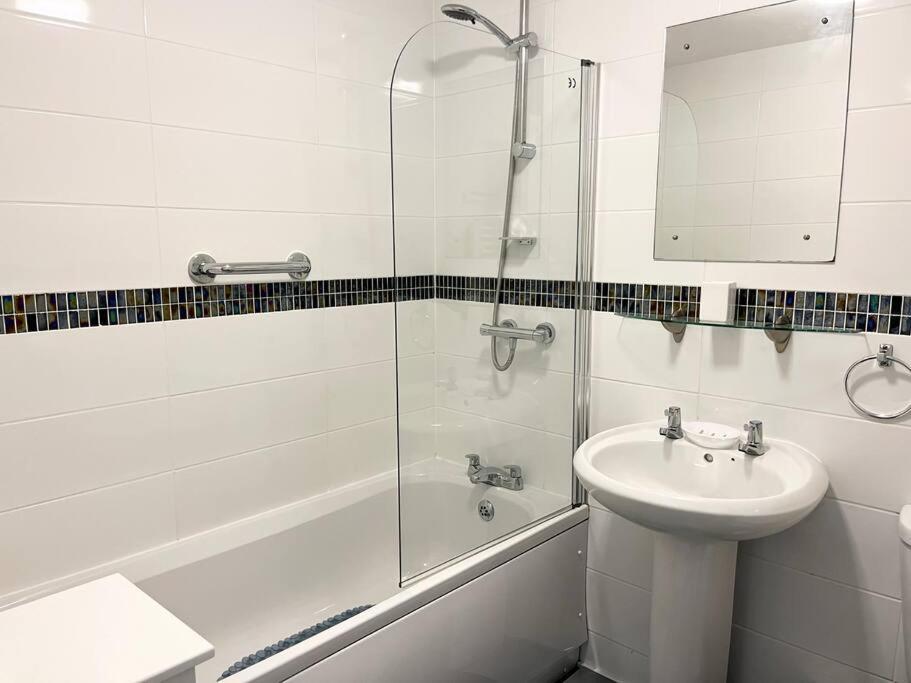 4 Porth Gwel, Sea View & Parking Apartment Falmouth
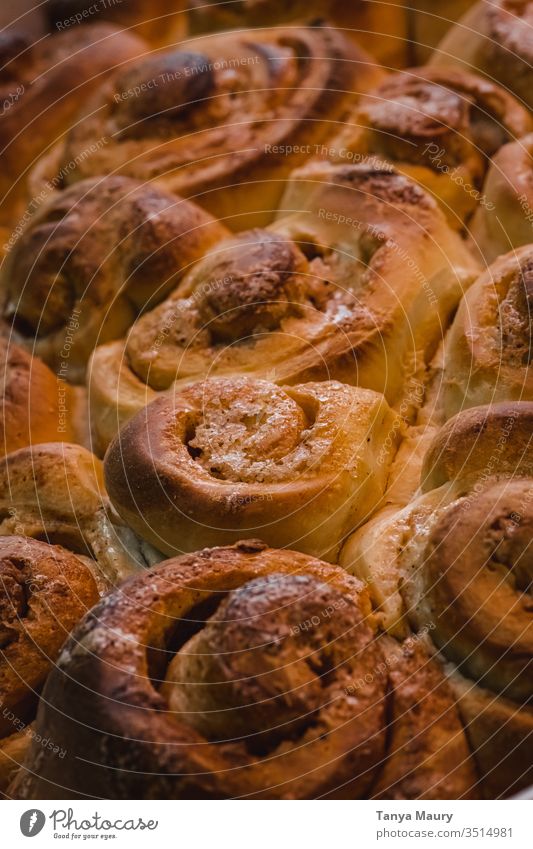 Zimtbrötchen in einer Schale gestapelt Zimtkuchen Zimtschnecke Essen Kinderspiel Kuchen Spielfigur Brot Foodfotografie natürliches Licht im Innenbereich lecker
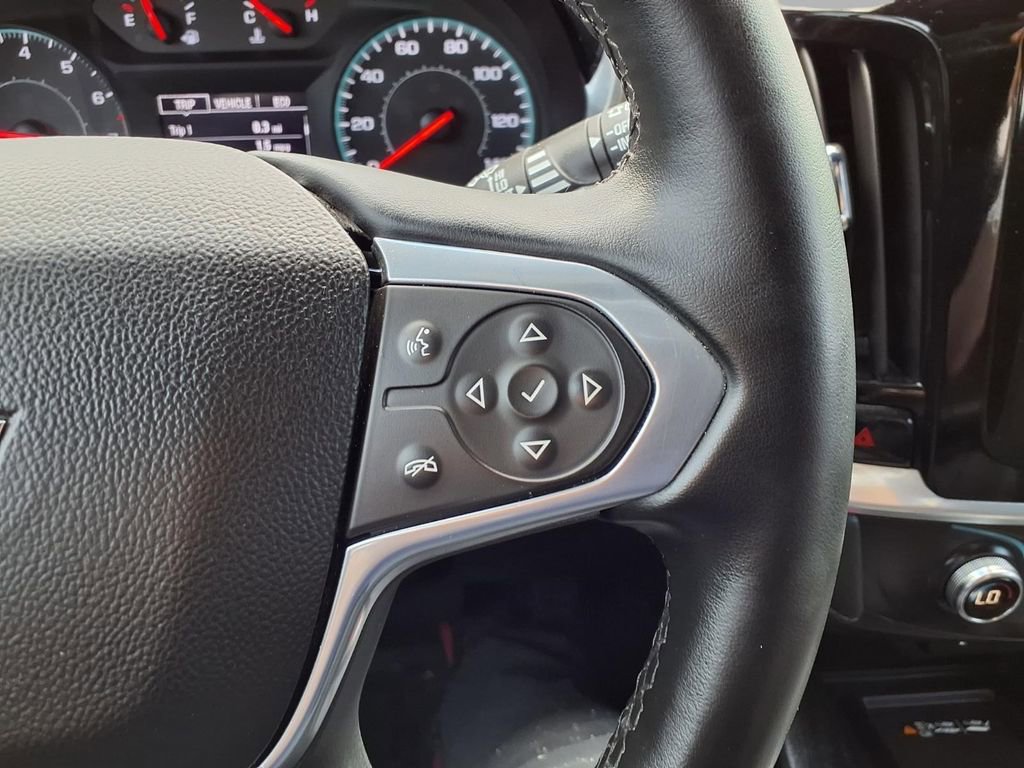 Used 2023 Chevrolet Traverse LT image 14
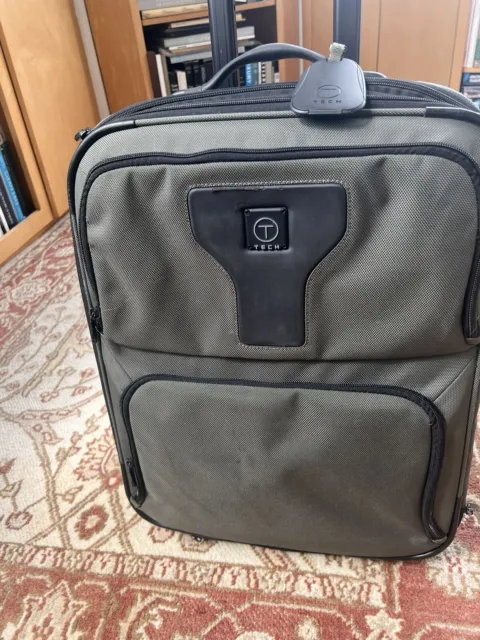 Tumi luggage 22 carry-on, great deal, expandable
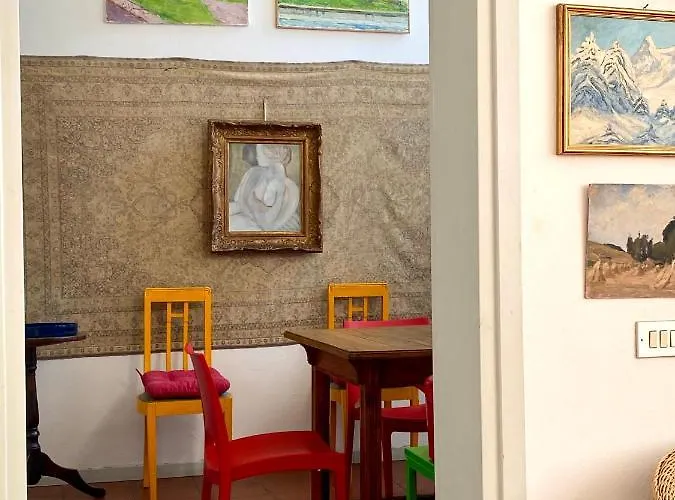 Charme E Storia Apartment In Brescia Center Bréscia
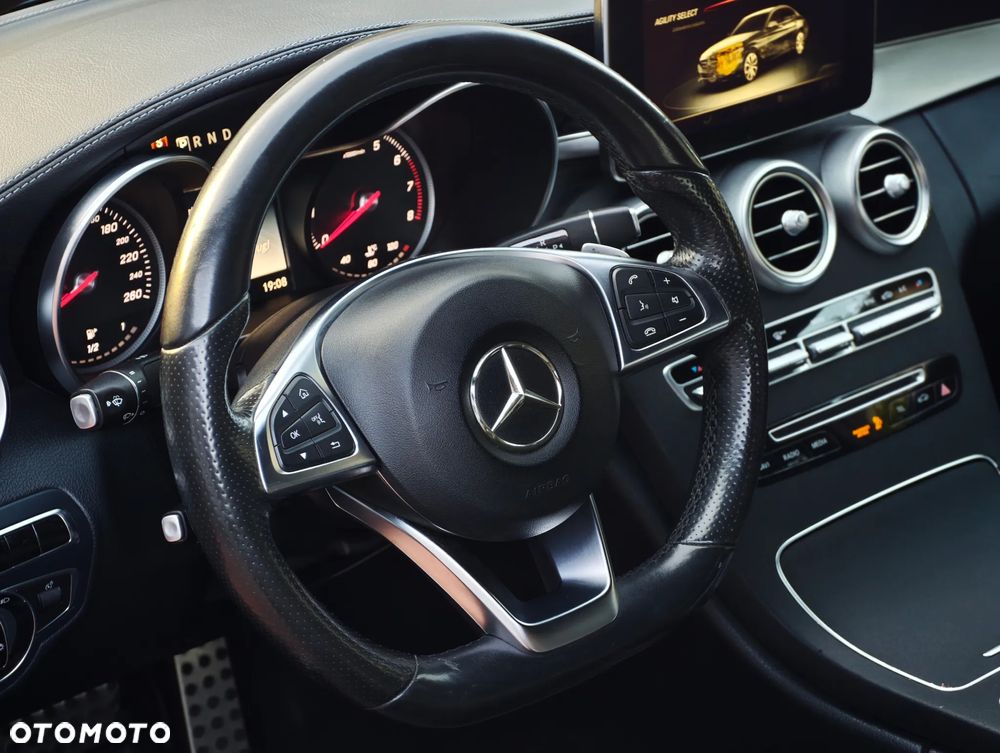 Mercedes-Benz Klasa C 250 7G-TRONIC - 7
_ _ _ _ _
__Exercise__. Only the pictures are to be left out; repeat all other material exactly.

__Your solution__.
 4 Porth Gwel, Sea View & Parking Apartment Falmouth
 Zimtbrötchen in einer Schale gestapelt Zimtkuchen Zimtschnecke Essen Kinderspiel Kuchen Spielfigur Brot Foodfotografie natürliches Licht im Innenbereich lecker
 Used 2023 Chevrolet Traverse LT image 14
 Tumi luggage 22 carry-on, great deal, expandable
 Charme E Storia Apartment In Brescia Center Bréscia
 Mercedes-Benz Klasa C 250 7G-TRONIC - 7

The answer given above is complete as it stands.